-- WORK REQUIRED --
Using the records below, write out again exactly the lines that begin at the line containing "กำไลข้อมือแฟชั่นสแตนเลสสตีล 316L ชุบทอง" and end at the line containing "ST87535 Alaska License Plate", and no other lines.

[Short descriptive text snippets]
= = = = = = =

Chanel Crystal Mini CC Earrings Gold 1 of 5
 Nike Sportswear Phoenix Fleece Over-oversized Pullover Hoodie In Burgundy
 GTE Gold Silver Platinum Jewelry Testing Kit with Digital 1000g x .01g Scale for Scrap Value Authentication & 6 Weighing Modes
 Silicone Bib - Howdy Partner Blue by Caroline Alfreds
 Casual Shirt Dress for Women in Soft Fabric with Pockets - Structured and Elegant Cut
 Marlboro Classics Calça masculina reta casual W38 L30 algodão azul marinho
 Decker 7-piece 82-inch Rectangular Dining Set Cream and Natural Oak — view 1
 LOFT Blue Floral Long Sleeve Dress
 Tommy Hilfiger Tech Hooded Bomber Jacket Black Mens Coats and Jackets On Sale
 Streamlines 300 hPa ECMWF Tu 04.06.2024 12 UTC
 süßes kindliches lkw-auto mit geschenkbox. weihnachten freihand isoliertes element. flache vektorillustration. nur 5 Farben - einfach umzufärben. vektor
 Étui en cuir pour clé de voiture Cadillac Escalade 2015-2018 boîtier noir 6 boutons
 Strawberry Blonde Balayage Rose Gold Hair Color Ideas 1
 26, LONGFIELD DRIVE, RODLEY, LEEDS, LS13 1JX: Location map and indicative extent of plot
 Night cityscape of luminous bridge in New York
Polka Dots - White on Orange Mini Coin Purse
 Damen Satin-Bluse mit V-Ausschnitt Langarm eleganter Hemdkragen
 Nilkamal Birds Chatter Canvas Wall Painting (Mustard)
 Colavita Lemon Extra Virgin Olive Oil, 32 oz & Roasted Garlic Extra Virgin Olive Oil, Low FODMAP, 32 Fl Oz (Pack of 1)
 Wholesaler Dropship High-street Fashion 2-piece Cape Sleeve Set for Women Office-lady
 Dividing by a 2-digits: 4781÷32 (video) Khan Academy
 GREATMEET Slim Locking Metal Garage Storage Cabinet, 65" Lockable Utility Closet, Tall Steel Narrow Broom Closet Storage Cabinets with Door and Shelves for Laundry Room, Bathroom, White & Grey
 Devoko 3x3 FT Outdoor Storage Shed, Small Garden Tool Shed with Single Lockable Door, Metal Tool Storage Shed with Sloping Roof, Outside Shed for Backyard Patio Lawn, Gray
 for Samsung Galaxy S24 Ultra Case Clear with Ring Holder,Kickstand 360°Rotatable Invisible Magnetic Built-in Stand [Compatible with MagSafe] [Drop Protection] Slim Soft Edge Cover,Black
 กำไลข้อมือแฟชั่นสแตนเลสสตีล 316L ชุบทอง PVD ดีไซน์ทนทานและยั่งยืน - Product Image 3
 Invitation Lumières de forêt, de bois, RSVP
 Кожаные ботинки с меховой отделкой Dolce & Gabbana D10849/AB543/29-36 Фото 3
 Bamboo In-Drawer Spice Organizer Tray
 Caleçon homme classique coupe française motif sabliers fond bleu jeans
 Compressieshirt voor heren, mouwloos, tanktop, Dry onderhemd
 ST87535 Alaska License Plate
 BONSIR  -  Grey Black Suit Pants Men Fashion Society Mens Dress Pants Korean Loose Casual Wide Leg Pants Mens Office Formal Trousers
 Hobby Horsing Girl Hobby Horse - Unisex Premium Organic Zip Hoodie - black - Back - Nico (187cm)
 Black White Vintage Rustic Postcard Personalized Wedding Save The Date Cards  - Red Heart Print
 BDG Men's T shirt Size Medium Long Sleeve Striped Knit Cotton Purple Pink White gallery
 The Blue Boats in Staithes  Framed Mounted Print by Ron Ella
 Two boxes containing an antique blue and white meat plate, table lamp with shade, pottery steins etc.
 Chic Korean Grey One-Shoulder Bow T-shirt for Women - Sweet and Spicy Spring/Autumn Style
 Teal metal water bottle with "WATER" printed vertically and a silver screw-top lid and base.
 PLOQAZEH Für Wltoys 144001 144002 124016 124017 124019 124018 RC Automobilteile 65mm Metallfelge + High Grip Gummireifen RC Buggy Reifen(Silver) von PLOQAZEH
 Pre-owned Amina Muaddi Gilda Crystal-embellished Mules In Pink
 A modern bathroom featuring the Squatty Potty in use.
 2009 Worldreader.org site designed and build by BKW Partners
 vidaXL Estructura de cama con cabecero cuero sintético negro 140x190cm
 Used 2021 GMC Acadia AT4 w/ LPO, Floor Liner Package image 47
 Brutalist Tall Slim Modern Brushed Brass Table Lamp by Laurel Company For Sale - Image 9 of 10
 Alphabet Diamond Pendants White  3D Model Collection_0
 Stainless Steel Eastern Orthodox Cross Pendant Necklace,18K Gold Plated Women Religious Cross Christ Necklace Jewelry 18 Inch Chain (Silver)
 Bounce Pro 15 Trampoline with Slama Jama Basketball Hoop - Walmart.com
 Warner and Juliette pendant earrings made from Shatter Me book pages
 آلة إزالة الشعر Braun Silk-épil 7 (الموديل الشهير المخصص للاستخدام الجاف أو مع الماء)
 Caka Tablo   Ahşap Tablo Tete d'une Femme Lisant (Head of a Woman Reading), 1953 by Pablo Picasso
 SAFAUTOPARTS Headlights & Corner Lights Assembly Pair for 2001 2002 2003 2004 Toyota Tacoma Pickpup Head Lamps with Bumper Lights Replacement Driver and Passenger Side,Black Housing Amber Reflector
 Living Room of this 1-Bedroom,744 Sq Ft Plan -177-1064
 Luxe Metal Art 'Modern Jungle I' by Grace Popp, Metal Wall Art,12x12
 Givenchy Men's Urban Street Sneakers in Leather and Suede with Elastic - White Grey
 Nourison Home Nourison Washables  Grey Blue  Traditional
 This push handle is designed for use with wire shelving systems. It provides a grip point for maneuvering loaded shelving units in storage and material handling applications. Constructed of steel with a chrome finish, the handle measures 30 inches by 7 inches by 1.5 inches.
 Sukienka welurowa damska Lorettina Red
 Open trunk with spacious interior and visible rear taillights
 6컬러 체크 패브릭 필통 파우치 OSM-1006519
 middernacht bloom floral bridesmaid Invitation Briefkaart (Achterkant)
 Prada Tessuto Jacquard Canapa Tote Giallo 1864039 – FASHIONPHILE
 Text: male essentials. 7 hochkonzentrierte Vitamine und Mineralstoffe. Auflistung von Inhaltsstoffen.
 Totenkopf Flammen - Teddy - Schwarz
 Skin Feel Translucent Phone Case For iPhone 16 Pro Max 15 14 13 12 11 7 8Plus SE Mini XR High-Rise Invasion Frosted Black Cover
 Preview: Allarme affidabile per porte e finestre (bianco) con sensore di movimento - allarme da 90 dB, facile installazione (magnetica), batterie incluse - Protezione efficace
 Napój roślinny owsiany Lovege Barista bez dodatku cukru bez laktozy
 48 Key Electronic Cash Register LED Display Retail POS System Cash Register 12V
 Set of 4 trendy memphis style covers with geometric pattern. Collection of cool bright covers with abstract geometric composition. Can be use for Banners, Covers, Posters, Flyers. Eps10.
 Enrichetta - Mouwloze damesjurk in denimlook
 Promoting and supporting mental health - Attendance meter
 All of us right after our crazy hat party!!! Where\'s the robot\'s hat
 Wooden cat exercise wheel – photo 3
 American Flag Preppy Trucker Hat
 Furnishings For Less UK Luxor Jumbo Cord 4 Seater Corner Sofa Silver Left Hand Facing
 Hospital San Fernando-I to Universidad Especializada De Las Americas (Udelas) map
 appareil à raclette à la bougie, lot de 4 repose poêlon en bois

= = = = = = =

-- ANSWER SPACE --
 กำไลข้อมือแฟชั่นสแตนเลสสตีล 316L ชุบทอง PVD ดีไซน์ทนทานและยั่งยืน - Product Image 3
 Invitation Lumières de forêt, de bois, RSVP
 Кожаные ботинки с меховой отделкой Dolce & Gabbana D10849/AB543/29-36 Фото 3
 Bamboo In-Drawer Spice Organizer Tray
 Caleçon homme classique coupe française motif sabliers fond bleu jeans
 Compressieshirt voor heren, mouwloos, tanktop, Dry onderhemd
 ST87535 Alaska License Plate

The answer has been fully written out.